The city just doesn’t get you or what you do, or what you’re about, but you, Gretchen, the crew and I are about to change that, aren’t we old girl.
I say “old” affectionately. One of those things people don’t know about is your age. You probably don’t remember, but you were born just north of the Benjamin Franklin Bridge at a boat manufacturing company called Neafie & Levy. They made all sorts of boats over the years, but in 1902, they made you, named you after the then Standard Oil Company for which you were built, “Sacony 14,” hull number 961.
The Miley Tug Company bought you sometime later and you worked hard in the Philadelphia/Baltimore area. That’s when you received the big ‘M’ on your stack and your new name ‘Jupiter.’ You pulled materials for the Baltimore tunnel, you stretched submarine detection cables at the mouth of the Delaware Bay to ward off German subs during WW2, and you were the first tug to catch the lines of the Battleship New Jersey when she came out of the Philadelphia Naval Ship Yard, just to name a few accomplishments.
Then you went away, how sad.

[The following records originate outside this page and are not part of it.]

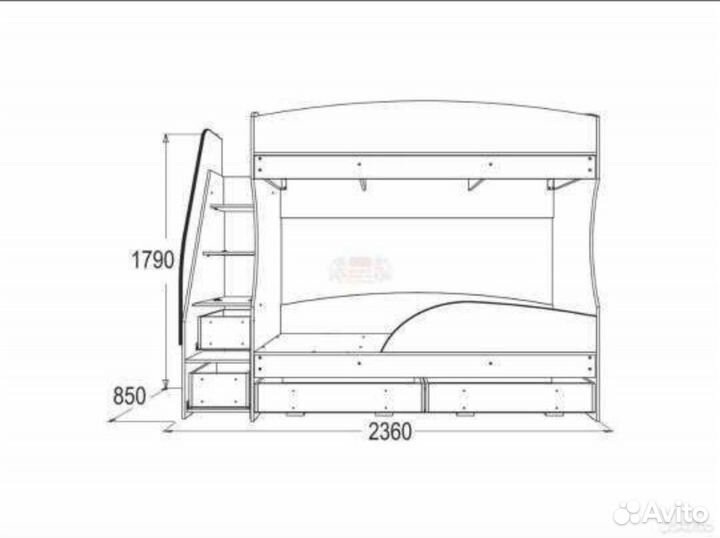 Двухъярусная кровать бу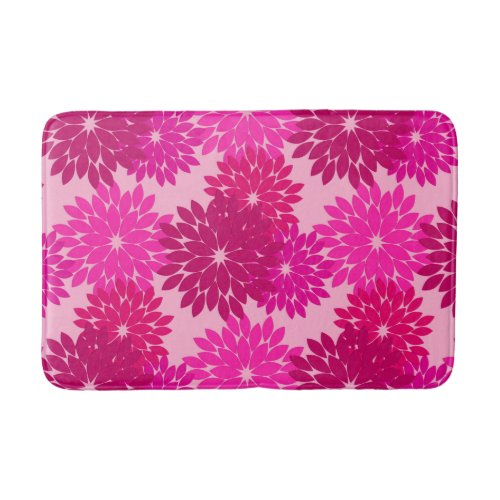 Modern Floral Kimono Print Pink Fuchsia and Wine Bath Mat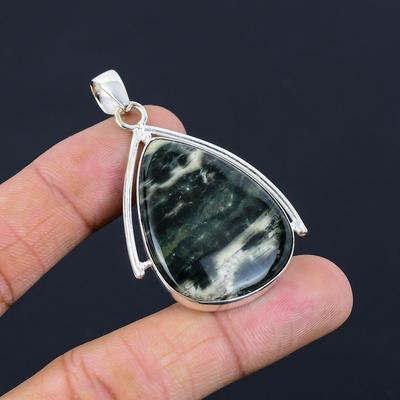 Halloween Sale Ocean Jasper Gemstone 925 Sterling Silver Wife Pendant Jewelry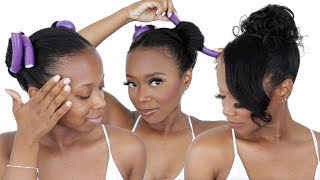 Relaxed Hair Easy Updo With Heatless Curls  Lusters Pink Lotion and Glosser Has a New Look [upl. by Phalan]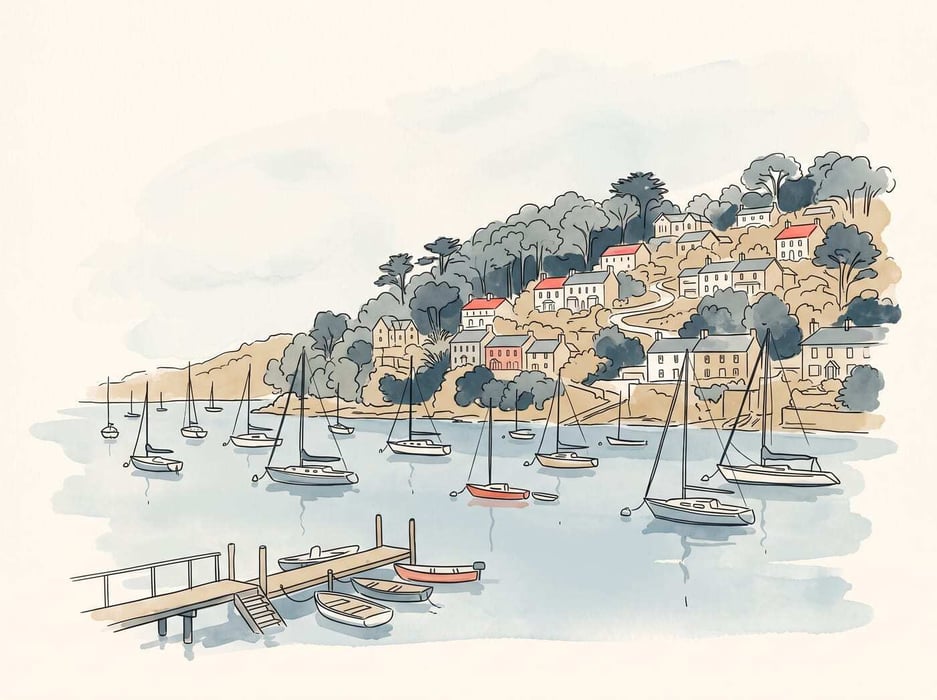Ink and watercolour illustration of the Cornish coast
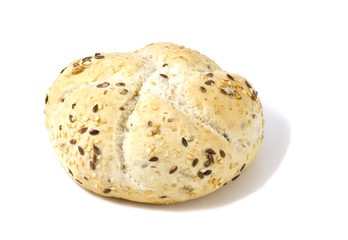 Sticker - Tasty bread isolated on white background. Macro photo.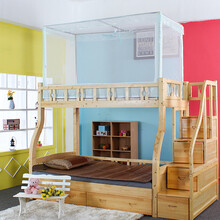 富俪姿子母床蚊帐高低双层上铺下铺1.5米儿童1.2米床 1.2米上铺三门【190*120*110】 天蓝色【帐纱是白色】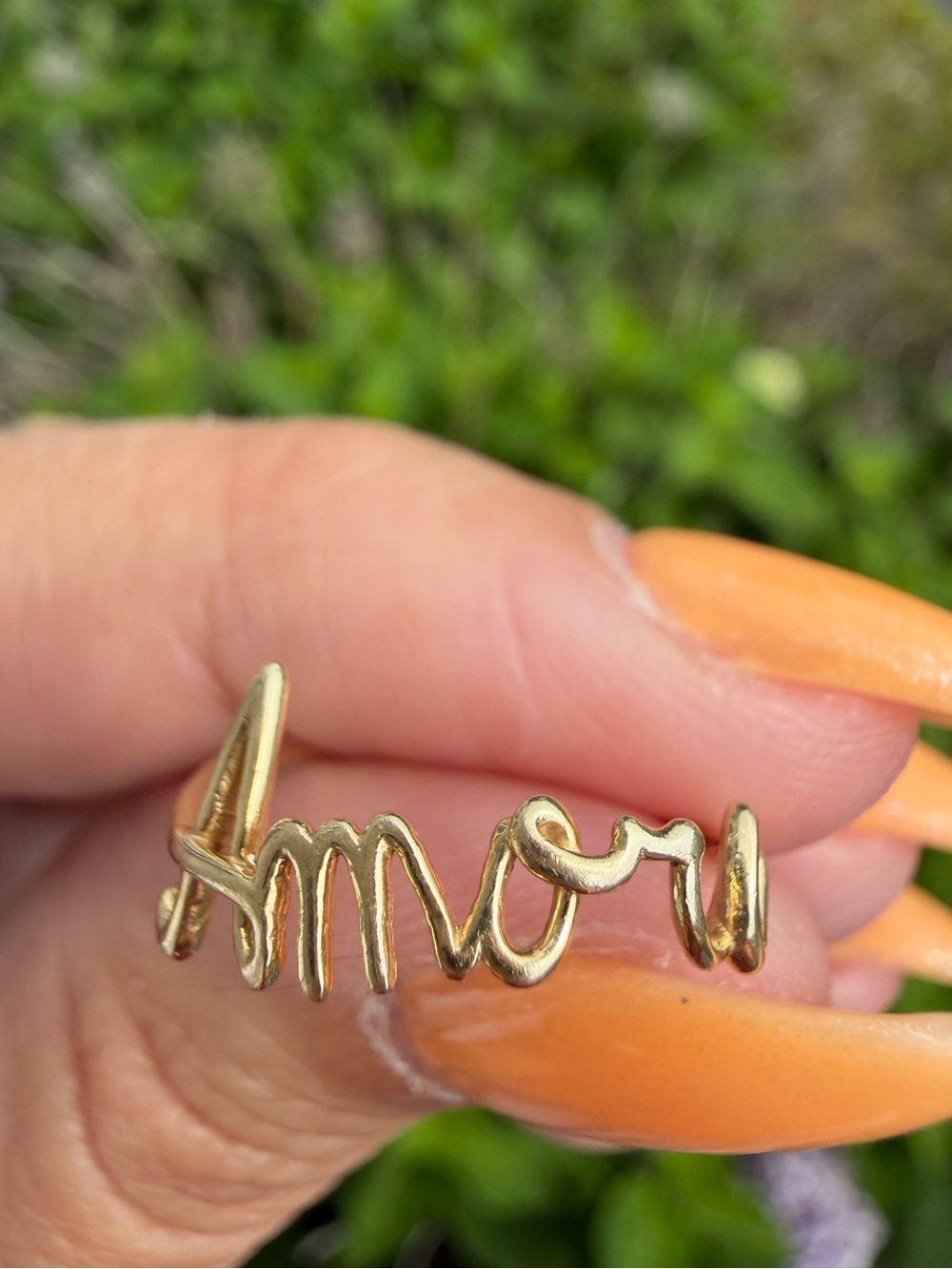Vintage 14K Italy Amore LOVE Script Ring Y2K 90s Pinky stacker  Ring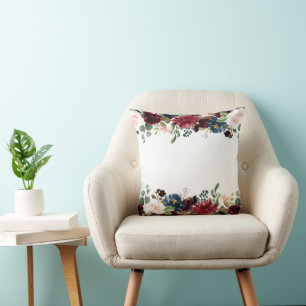 Burgundy & Blue English Flowers Wedding Favor Kussen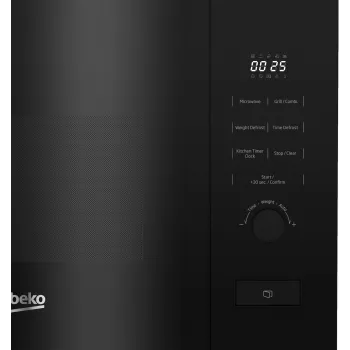 Kalusteisiin asennettava mikroaaltouuni grillillä BEKO BMGB20212B, 800 W, 20 L, kiertonuppi & painikkeet, 24,5 cm kiertolevy, musta
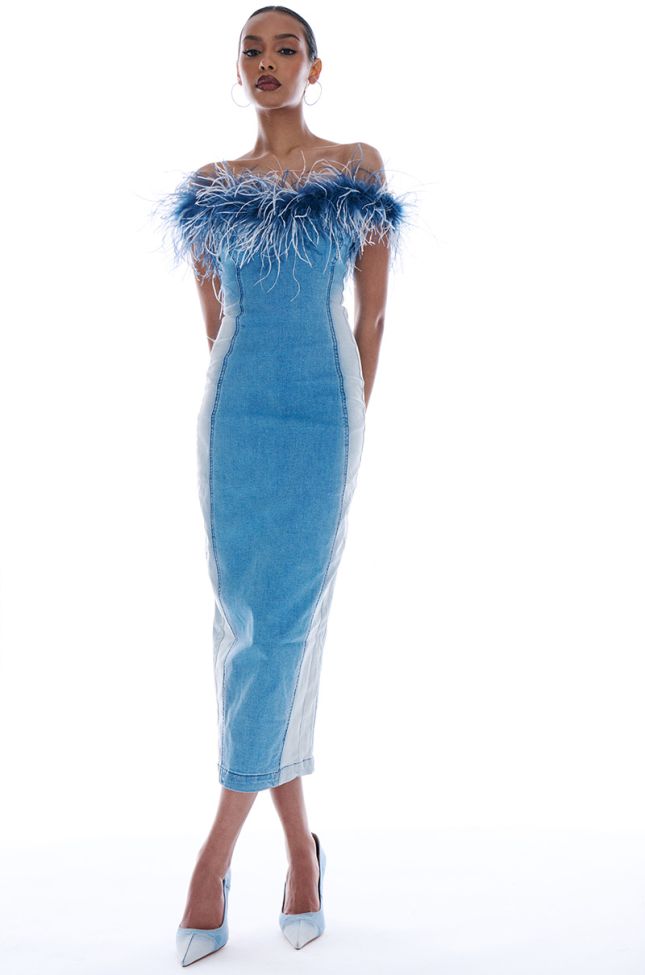 Extra View Hit The Town Feather Trim Denim Maxi Dress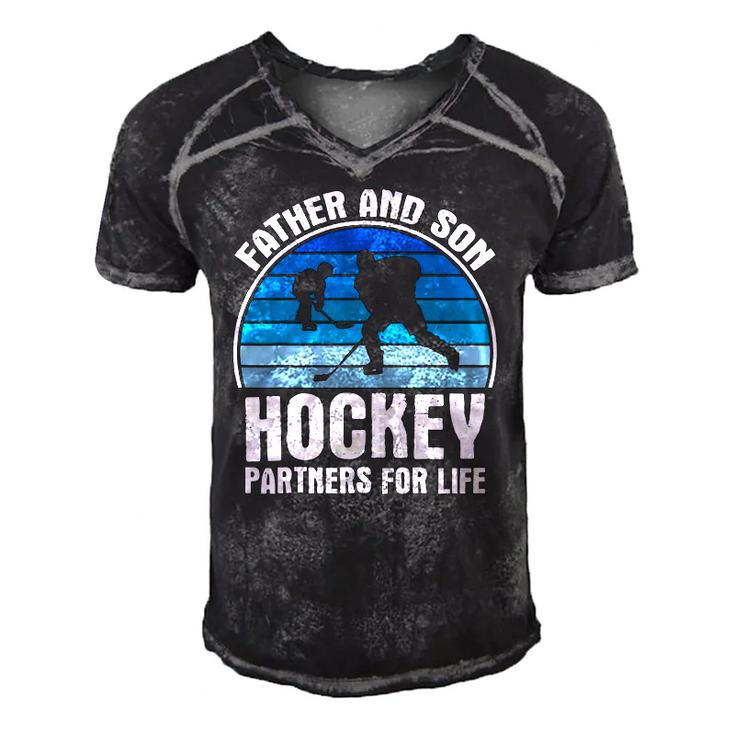 Father And Son Partners For Life Hockey Men's Short Sleeve V-neck 3D Print Retro Tshirt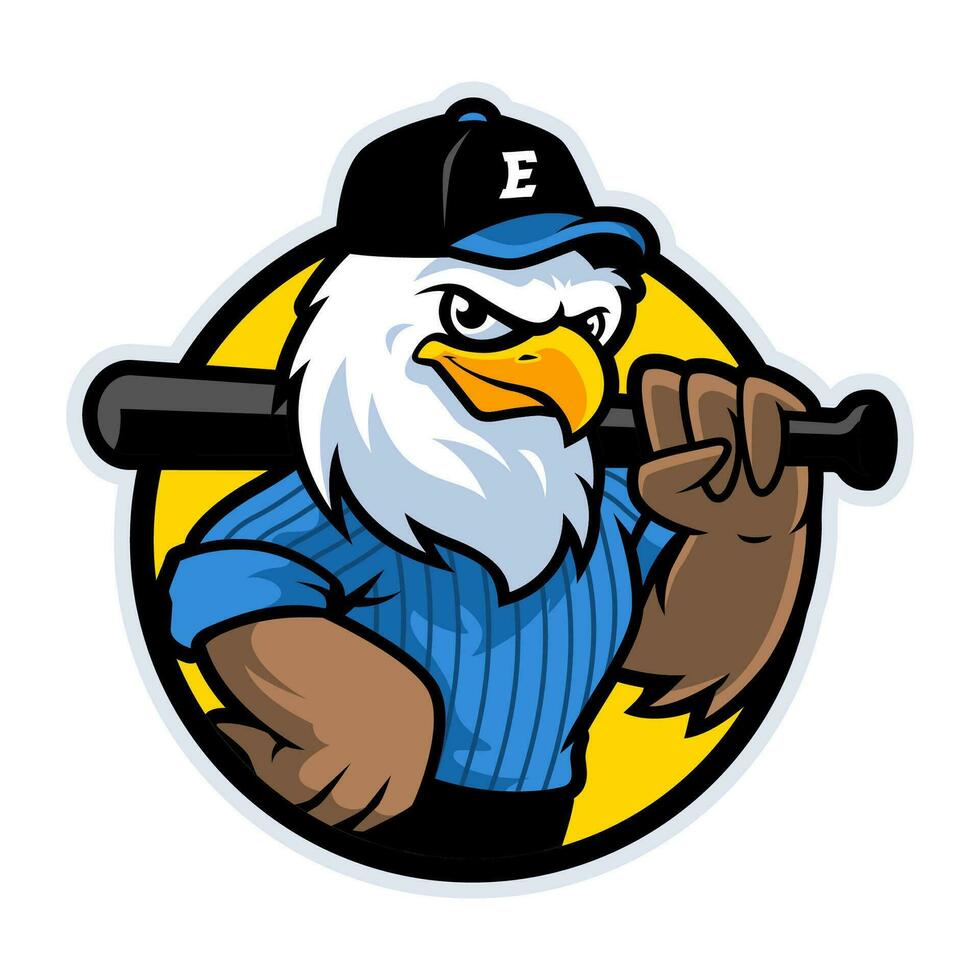 Adler Baseball Maskottchen Logo Vorlage vektor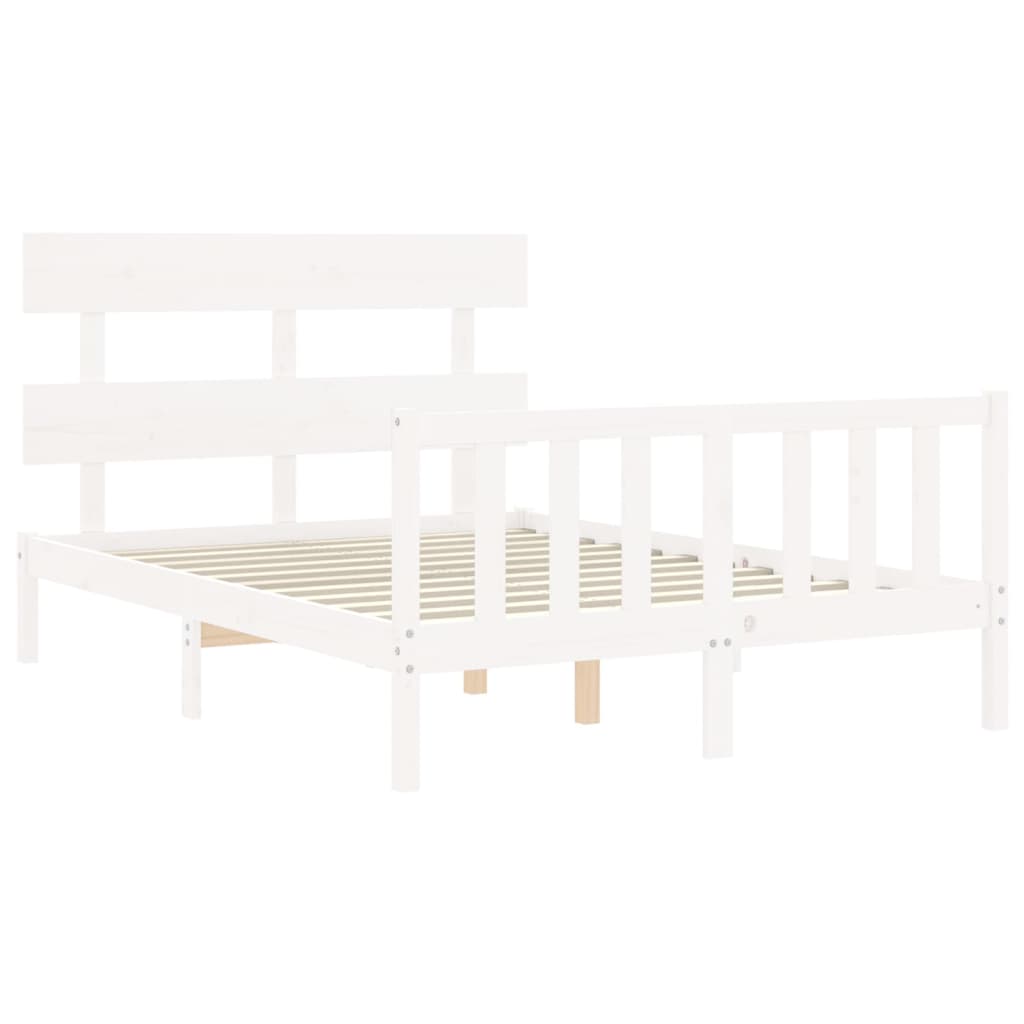 Estrutura de cama com cabeceira 140x190cm madeira maciça branco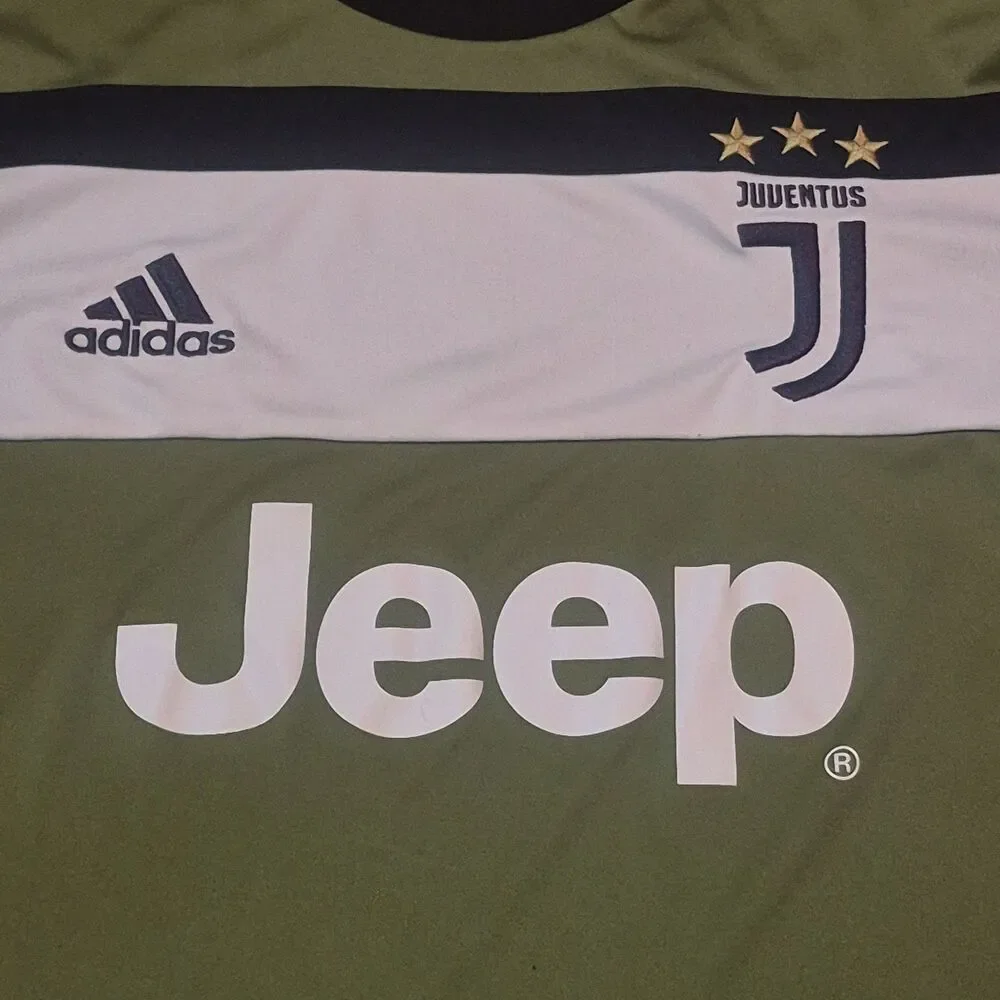 Adidas Juventus 2017/18 Third Kit Football Soccer Jersey Mens Large Green Jeep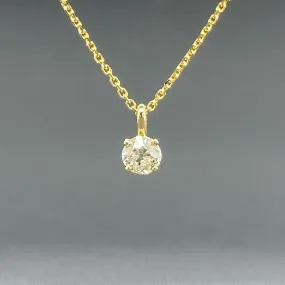 Estate 14K Y Gold 0.51ct OMC K/VS2 Diamond Pendant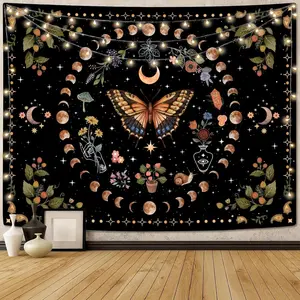 Yellow Butterfly Moon Flower Tapestry Plant Flowers Bohemian Tapestry Bedroom Aesthetics Retro Tapestry Living Room Dormitory Wall Hanging Tapestry Room Decor Wall Tapestries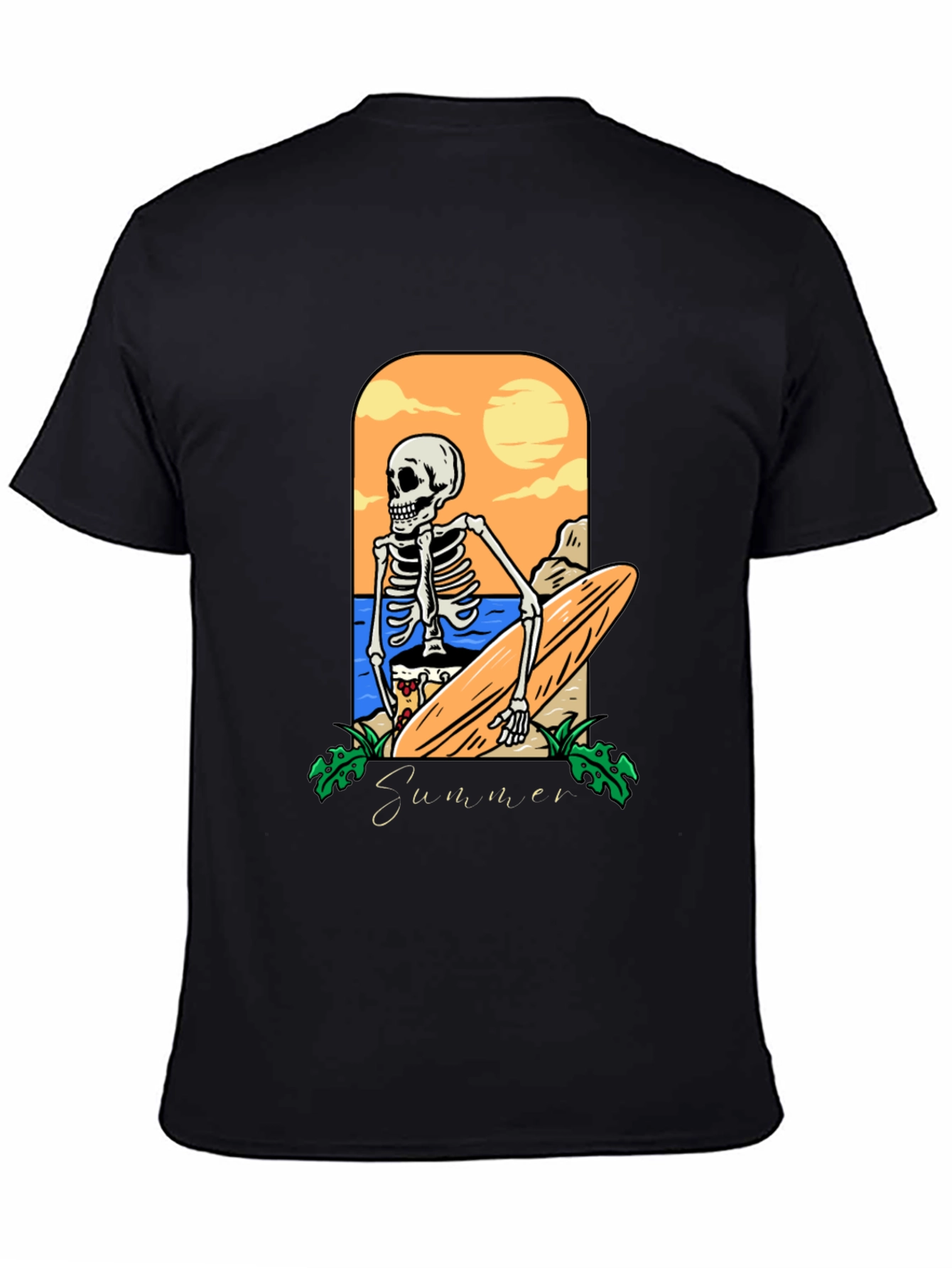 Summer Skeleton Surfboard Graphic Tee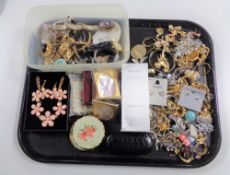A tray of assorted costume jewellery, lady's watches, Calvin Klein perfume,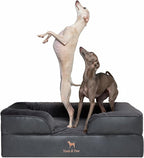 NOAH & PAW Large Dog Bed, 35x25x11 Inch, Orthopedic Dog Beds, Eggshell Memory Foam Infused with Cooling Gel, Inner Cover, Waterproof, Machine Washable (Faux Leather Sofa Collection)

You wound up in Boston working the area and in the early 1980’s were about to be sold for scrap when your old owner, Mr. Ken Miley worked a deal to get you back. And now you’re back! Lucky Philadelphia!
Owned by the Delaware River Waterfront Corporation, you are cared for by the loving hands and hearts of your crew, a small but devoted group who keep you running to do what it is you do, now later in your life.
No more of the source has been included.